Ford was comfortable with his wife’s decision as he had his own experience with robotic surgery years prior for prostate cancer. Robotic surgery is often minimally invasive and simultaneously decreases the risk of infection and a patient’s recovery time.
‘Your best bet’
Surgery for both Ford and Marshall occurred mid-December, and recovery began immediately after. With the help of their children, family, as well as many friends the couple are on the up and up.
“I honestly haven’t taken more than a regular Tylenol three or four times,” Marshall says. “I was back to work in less than four weeks.”

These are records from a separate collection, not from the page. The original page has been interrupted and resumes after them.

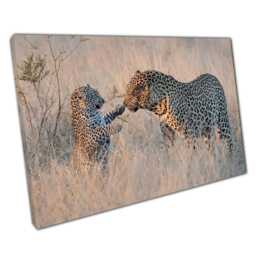 Leopard & Cub Nature Photography Canvas Wall Art For Home Office Decor - thumbnail 1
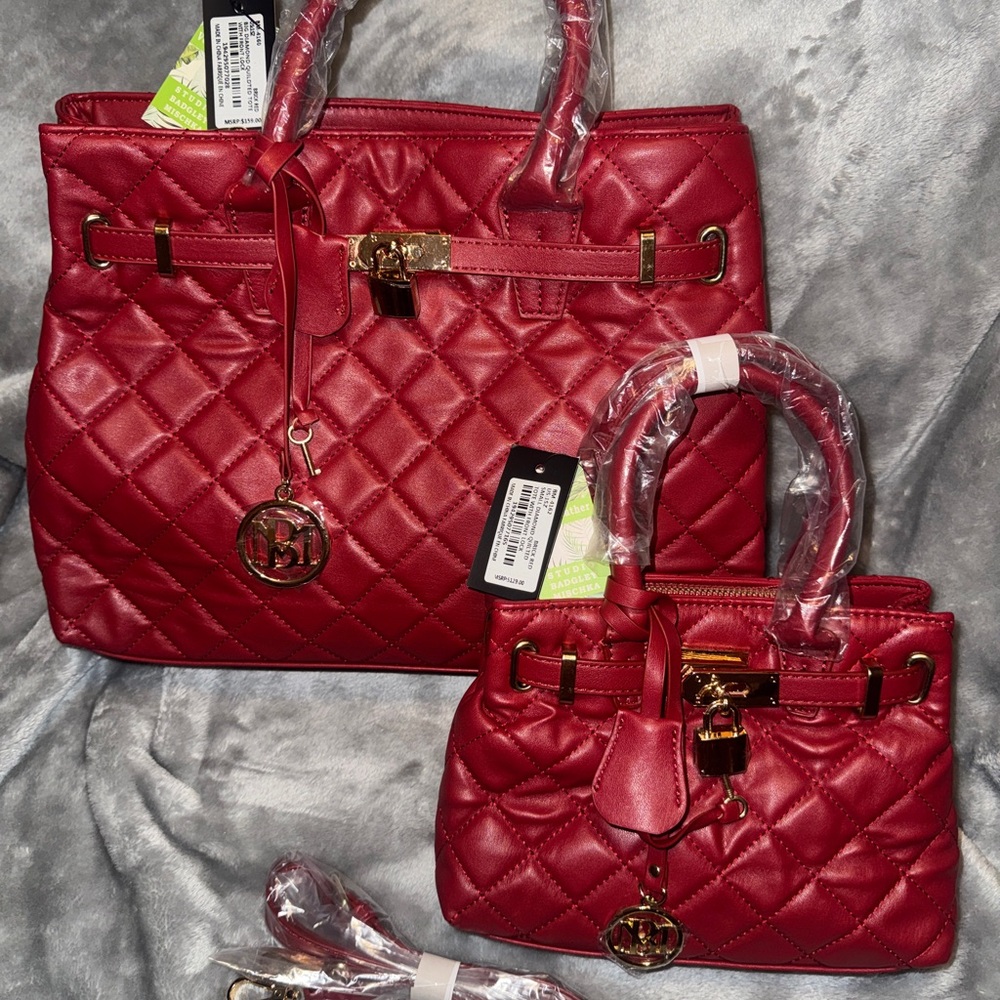 Elegant Brick Red Quilted Women's Handbag 3pc Set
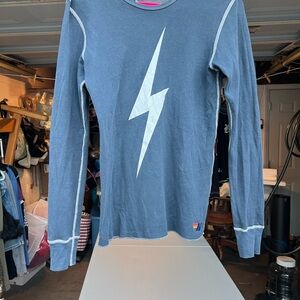Aviator Nation Blue Bolt Long Sleeve Thermal Large Size Unisex Sizing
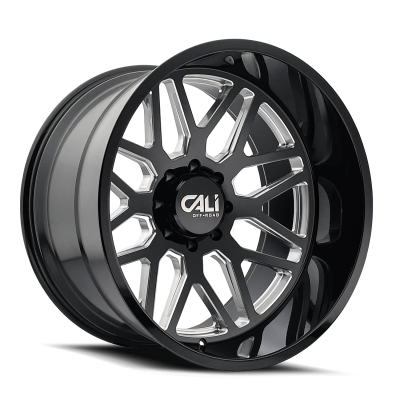 Cast Aluminum Wheels Invader 9115 GB-M 28x12 Milled Gloss Black 6 On 135 Bolt Pattern -44 Offset Cali Offroad Wheels
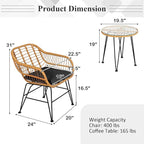 Tangkula 3 Pieces Patio Bistro Set, Rattan Conversation Set - Image 5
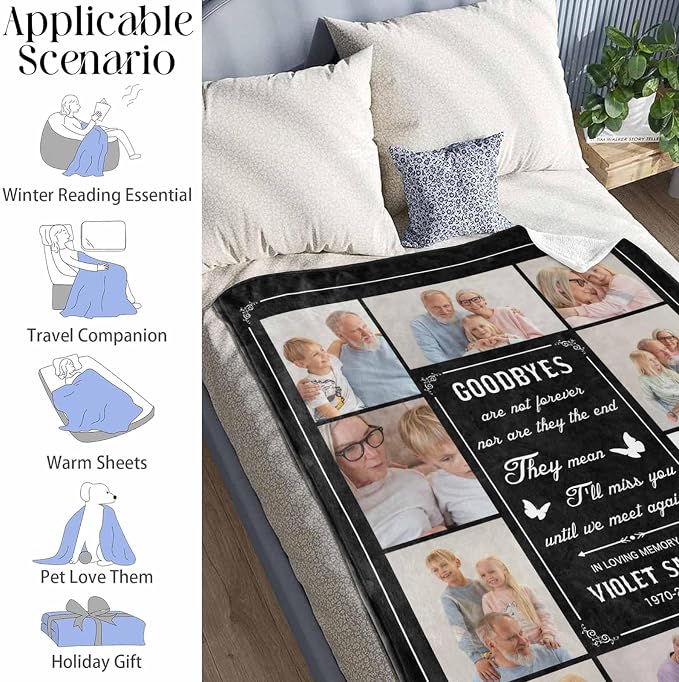 Custom Memorial Blanket with Photo - Sympathy Gift for Loss of Loved One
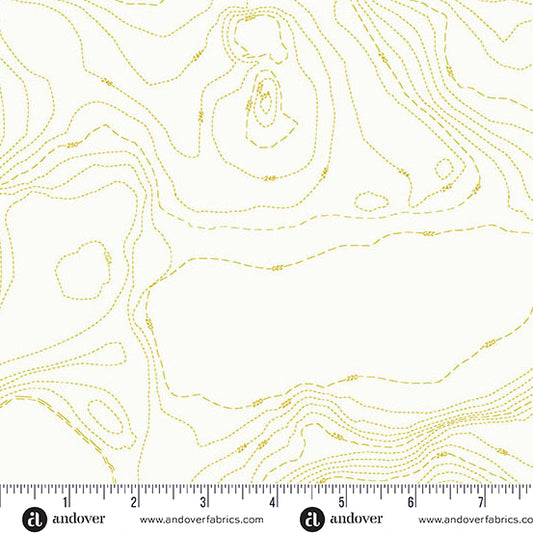 Topography in Chartreuse from the Sun Print Whisper Collection by Allison Glass - Andover Fabric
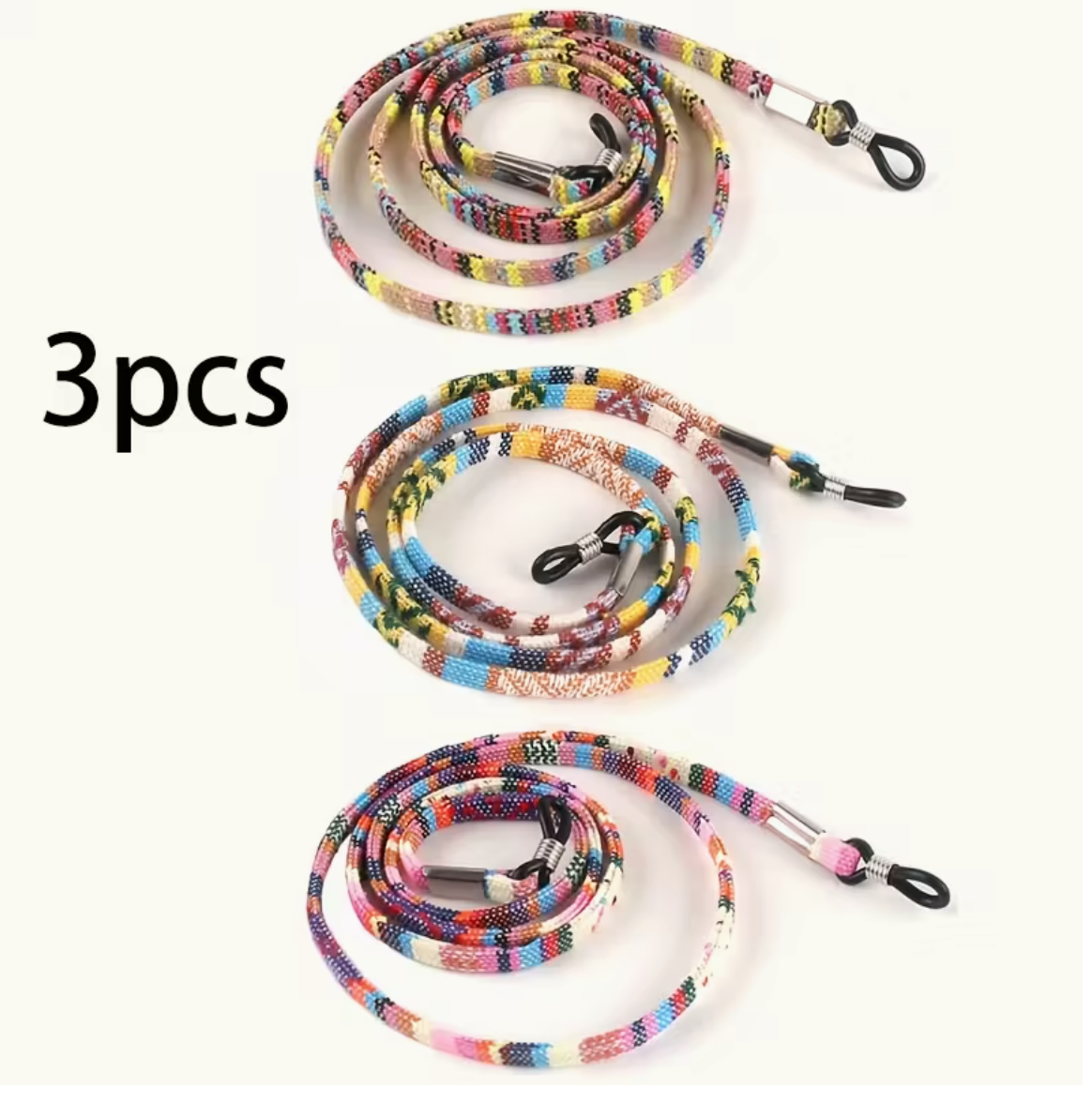 Set of 3 Bohemian-Style Eyeglass Holders, Non-Slip Eyeglass Straps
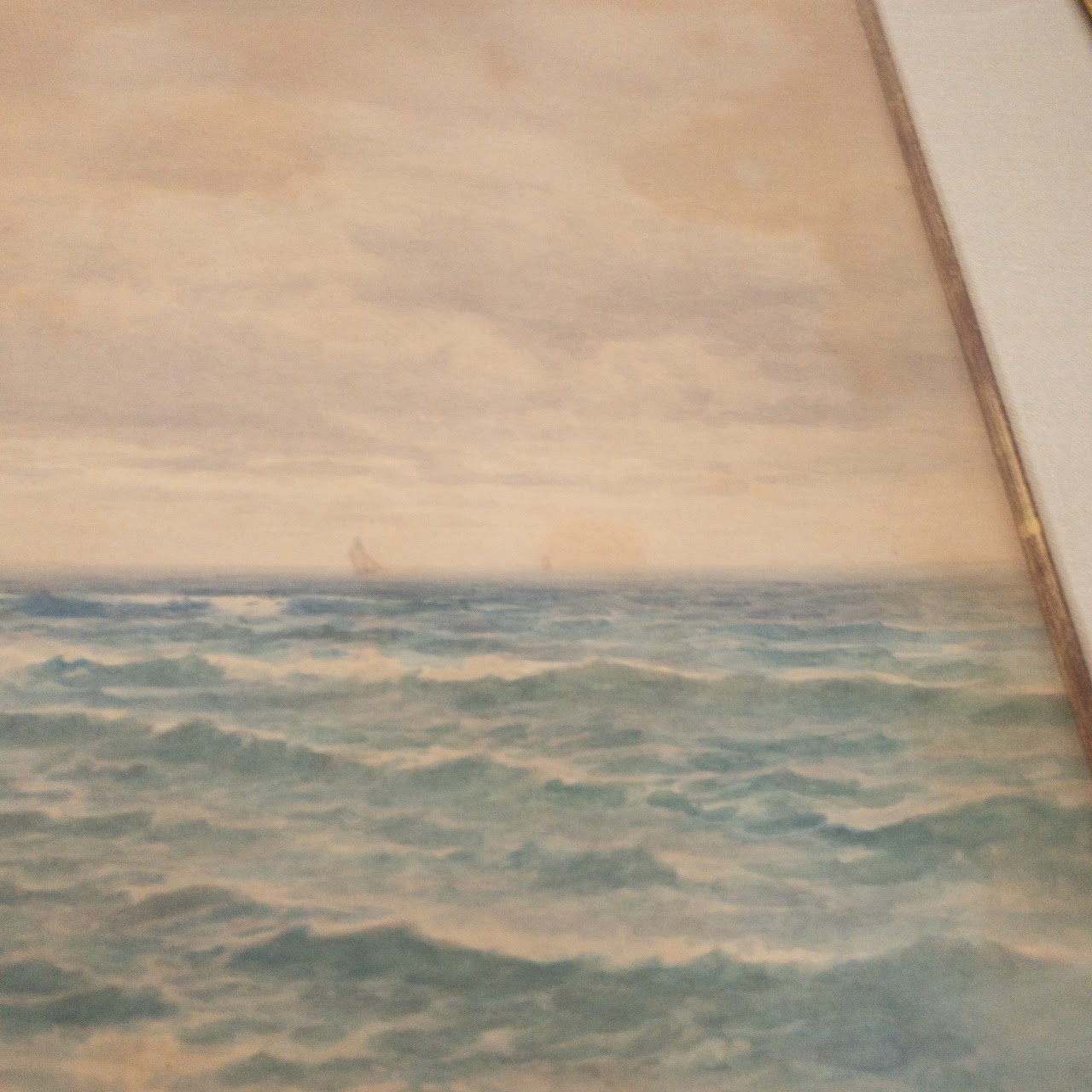 George Barker Signed Early 20th C. Seascape Watercolor Painting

Because of his other health challenges, Ford’s recovery has been more challenging. In early February, he says he was slowly increasing his activity, including walking and chores around the house.
“I’m getting there,” he says. “I can imagine that three months after transplant, when we start drawing down some of the medications, I’ll only be limited by how strong I am or how much endurance I have at that point.”
The couple remains incredibly grateful for one another, their family and friends as well as the care provided by those at the hospital. When asked what he would tell others about UI Health Care, Ford was nothing but encouraging.
“I tell friends and family from rural areas that, ‘Yes, UI Health Care is big. But it’s filled with great people and it’s your best bet,” he says. “I can’t recommend it enough.”